Task item:
Nothing but the lines below from the first through the one with "ISO Karachi organizes" should appear, printed exactly; please leave pictures out.

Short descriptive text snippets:
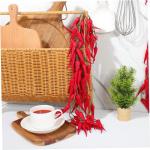 10 STK Chili-Pfeffer-Modelldekoration realistischer Pfeffer falsche Chilischote wandverkleidung Wand polsterung kunstpflanze Spielzeug Fenster-Chili-Anhänger Pfefferverzierung rot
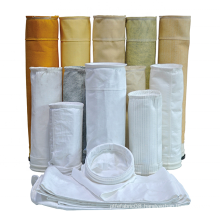 all media custom cheap dust removal sleeve bag flour polyester ptfe nylon aramid fabric pp bag filters for cement dust collector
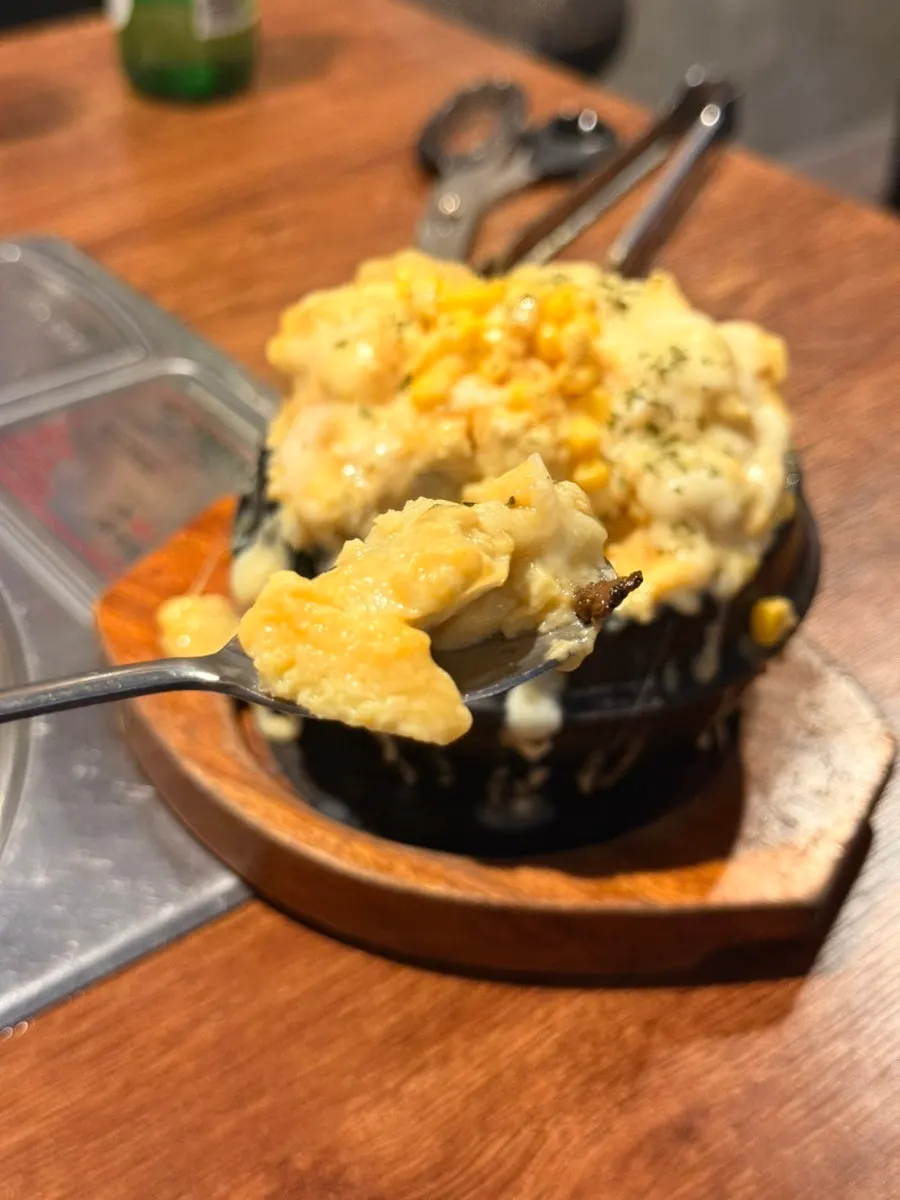 Steamed egg generously topped with cheese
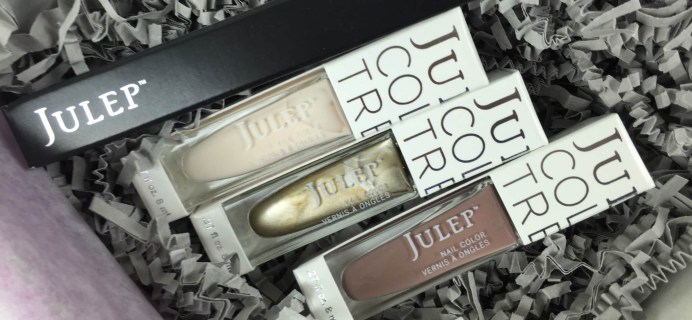 Julep White-Hot Neutrals Welcome Box Review + Free Box Coupon + Save $5 per Month!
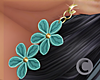 Hawaiian Floral 2 Earins
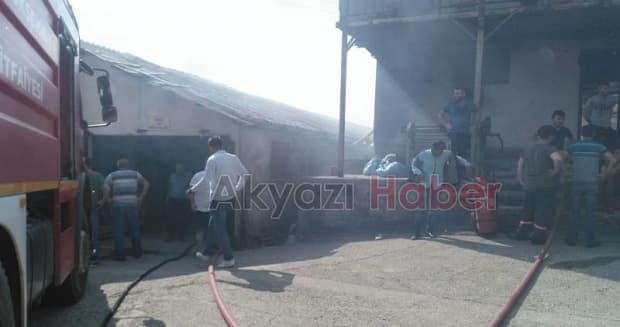 Fabrika alevlere teslim oldu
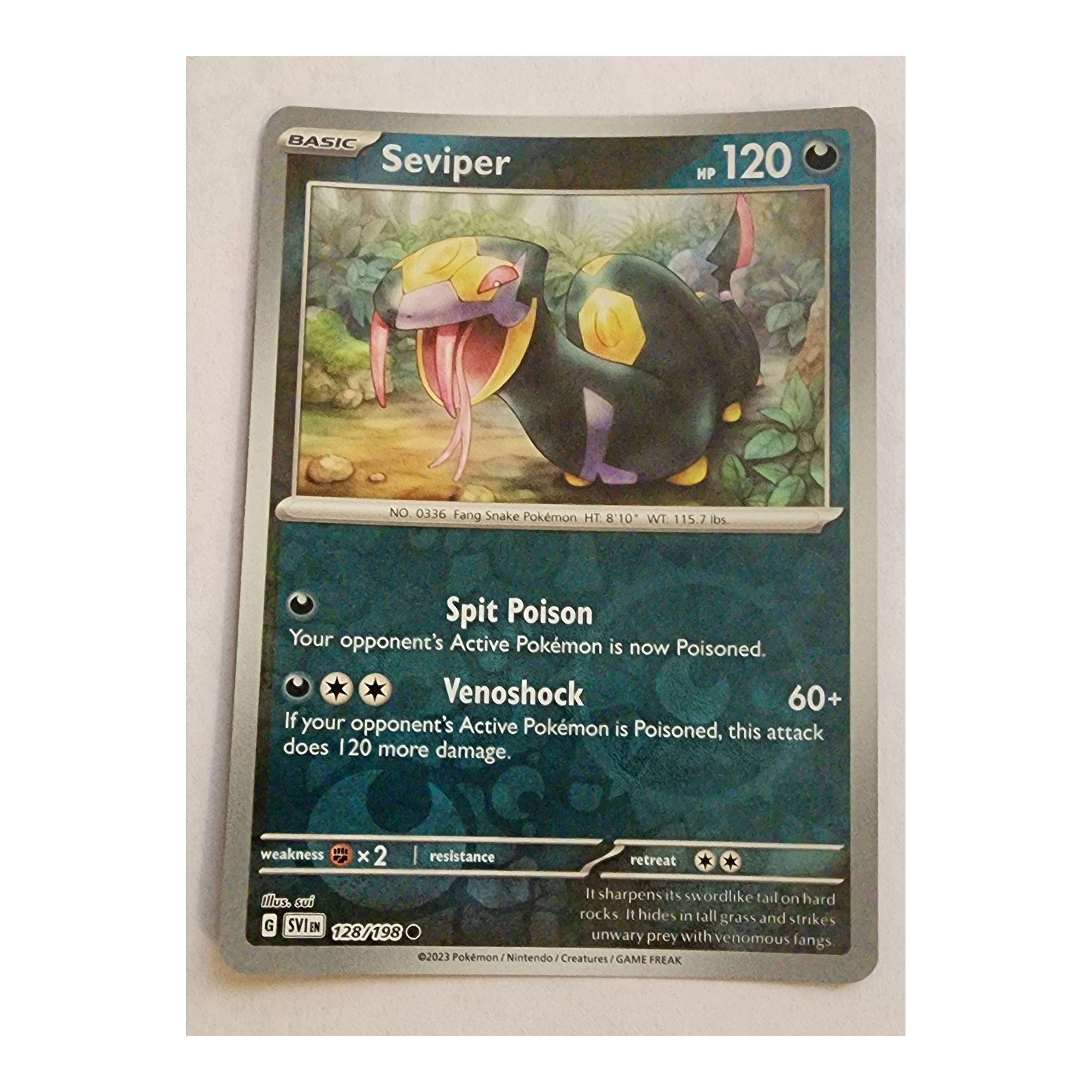 Seviper Common SV01: Scarlet & Violet 128/198 NM Reverse Holo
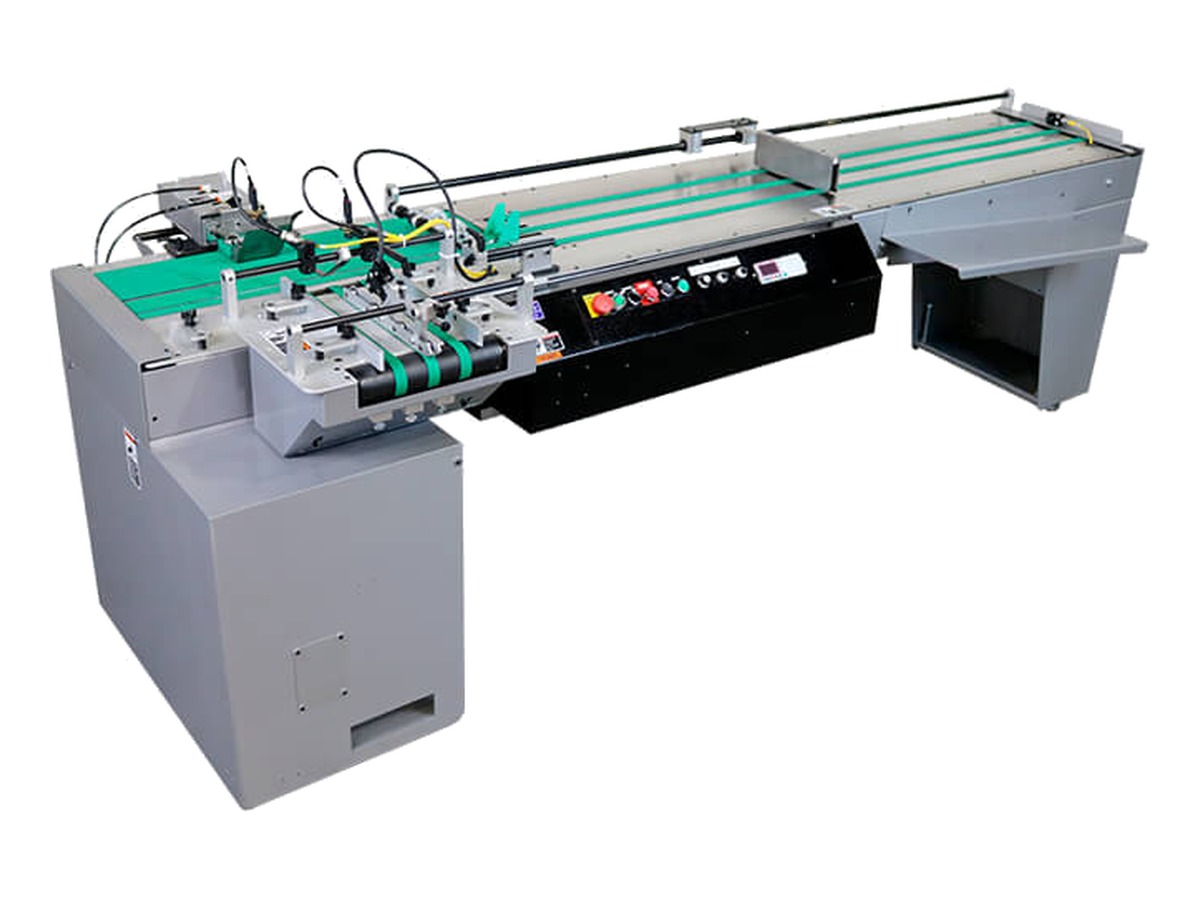 Kirk-Rudy KR345 edge stacking conveyor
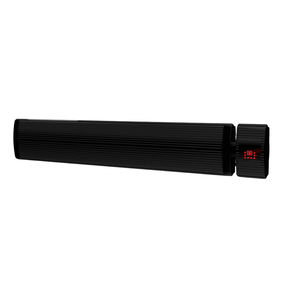ELCON ARH 30R Radiateur électrique radiant télécommandé 3000W Technologie à ondes longues Thermostat intégré Aluminium noir 1630mm - Product Image 3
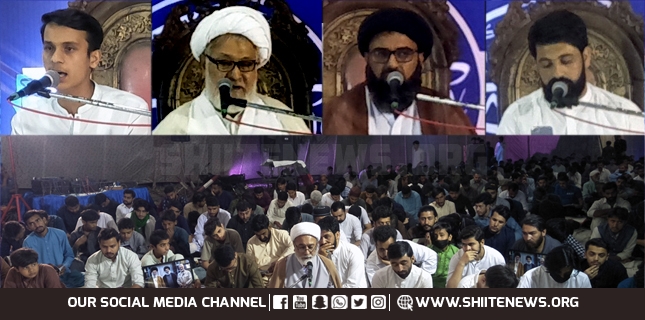 ISO Karachi organizes Shab-e-Dua on birthday of Imam Mahdi (AS)
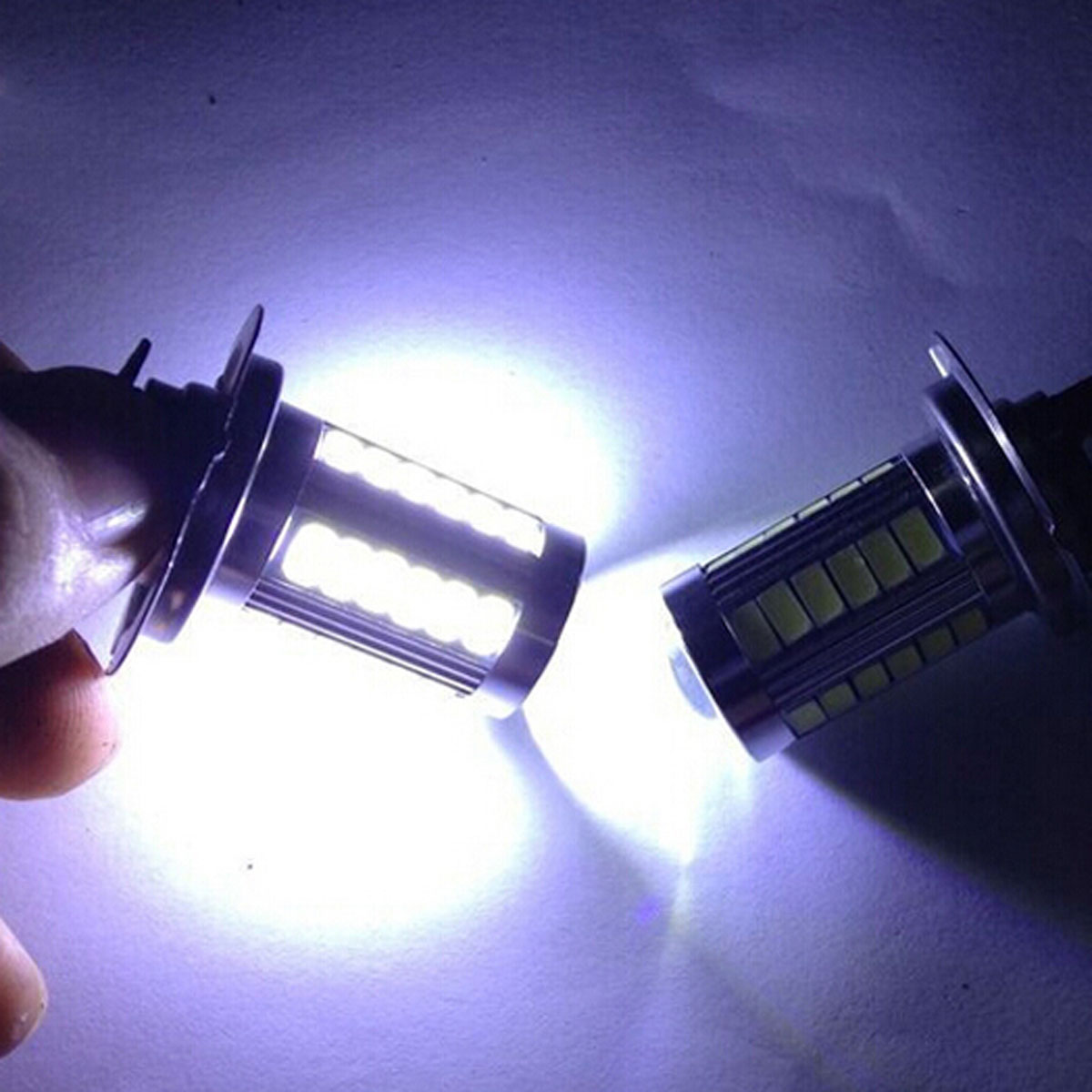 2X H7 5630 33Smd whiteLed Headlights High Bright LEDs Car Fog Light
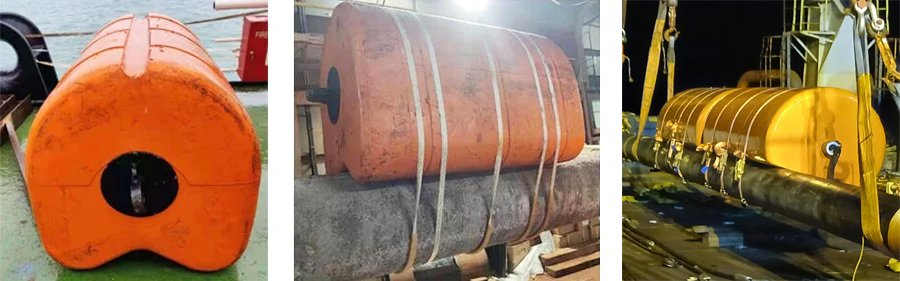 pipeline laying floats
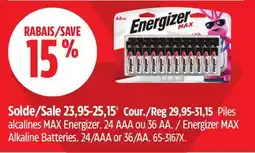 Canadian Tire Energizer MAX Alkaline Batteries offer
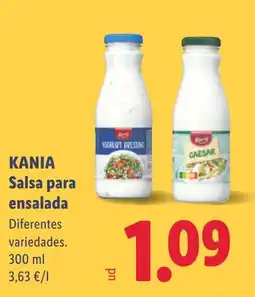 Lidl KANIA Salsa para ensalada oferta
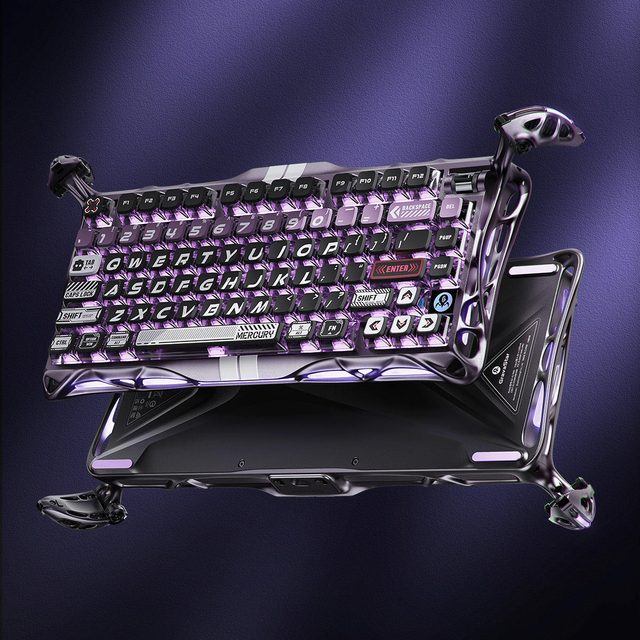 Magnit klaviatura GravaStar Mercury V75 Pro Gateron Jade, binafsha — Surat 5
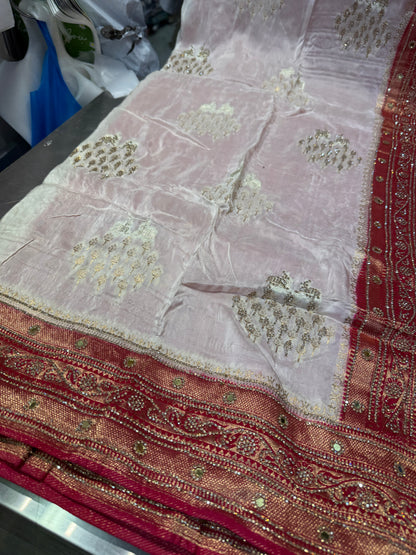 Beautiful designer pure silk saree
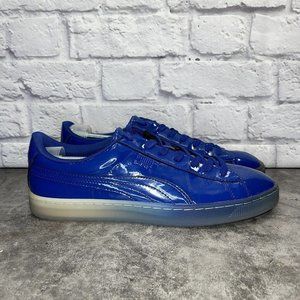 Puma Basket Patent Ice Fade 363094-02 'Blue' Men's Casual Shoes Size 13 Sneakers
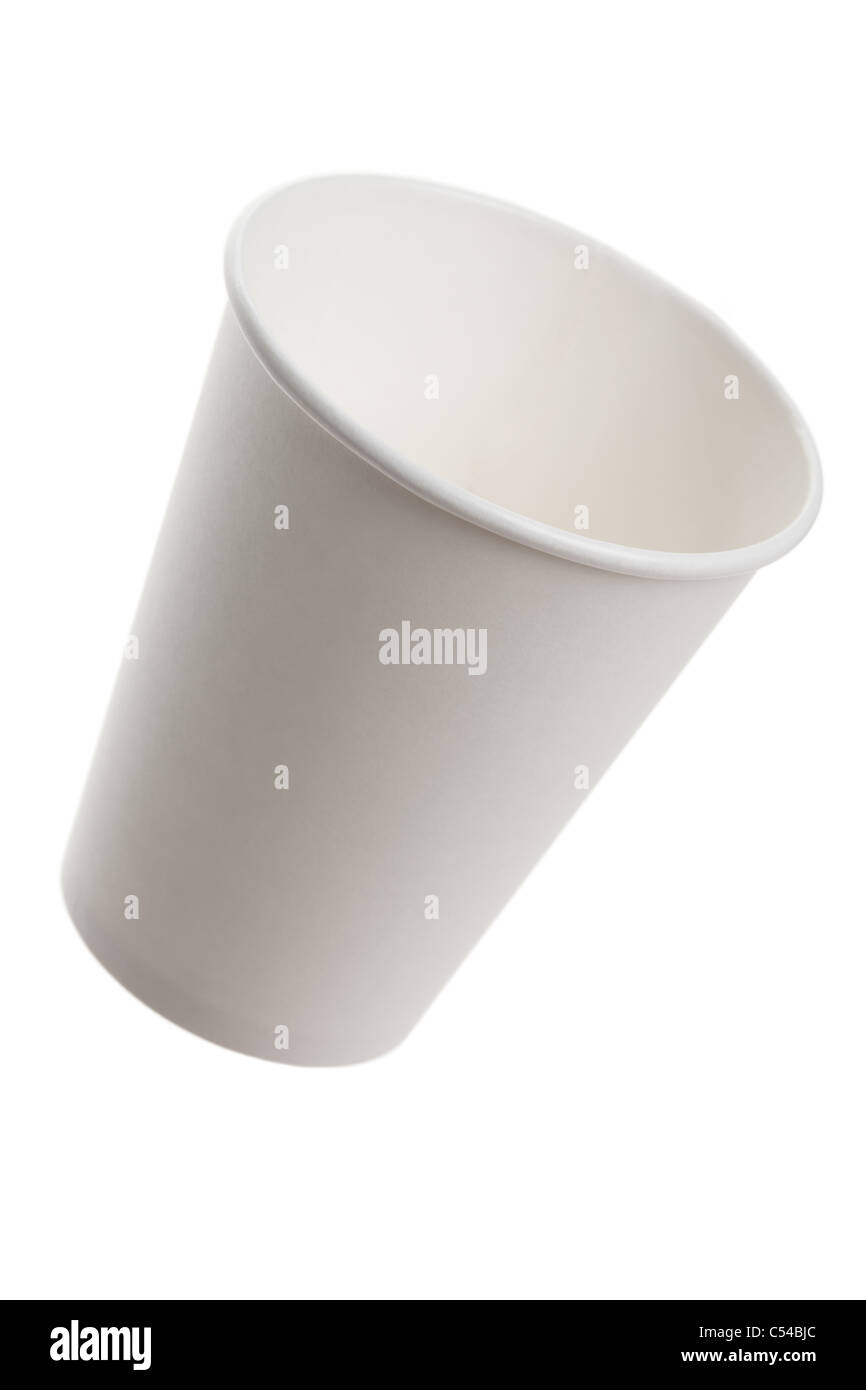 White Paper Cup close up Foto Stock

Response box:
 10 STK Chili-Pfeffer-Modelldekoration realistischer Pfeffer falsche Chilischote wandverkleidung Wand polsterung kunstpflanze Spielzeug Fenster-Chili-Anhänger Pfefferverzierung rot
 all media custom cheap dust removal sleeve bag flour polyester ptfe nylon aramid fabric pp bag filters for cement dust collector
 Steamed egg generously topped with cheese
 Julep White-Hot Neutrals Welcome Box Review + Free Box Coupon + Save $5 per Month!
 Hawaiian Floral 2 Earins
 Fabrika alevlere teslim oldu
 Seviper Common SV01: Scarlet & Violet 128/198 NM Reverse Holo
 Kirk-Rudy KR345 edge stacking conveyor
ELCON ARH 30R Radiateur électrique radiant télécommandé 3000W Technologie à ondes longues Thermostat intégré Aluminium noir 1630mm - Product Image 3
 ISO Karachi organizes Shab-e-Dua on birthday of Imam Mahdi (AS)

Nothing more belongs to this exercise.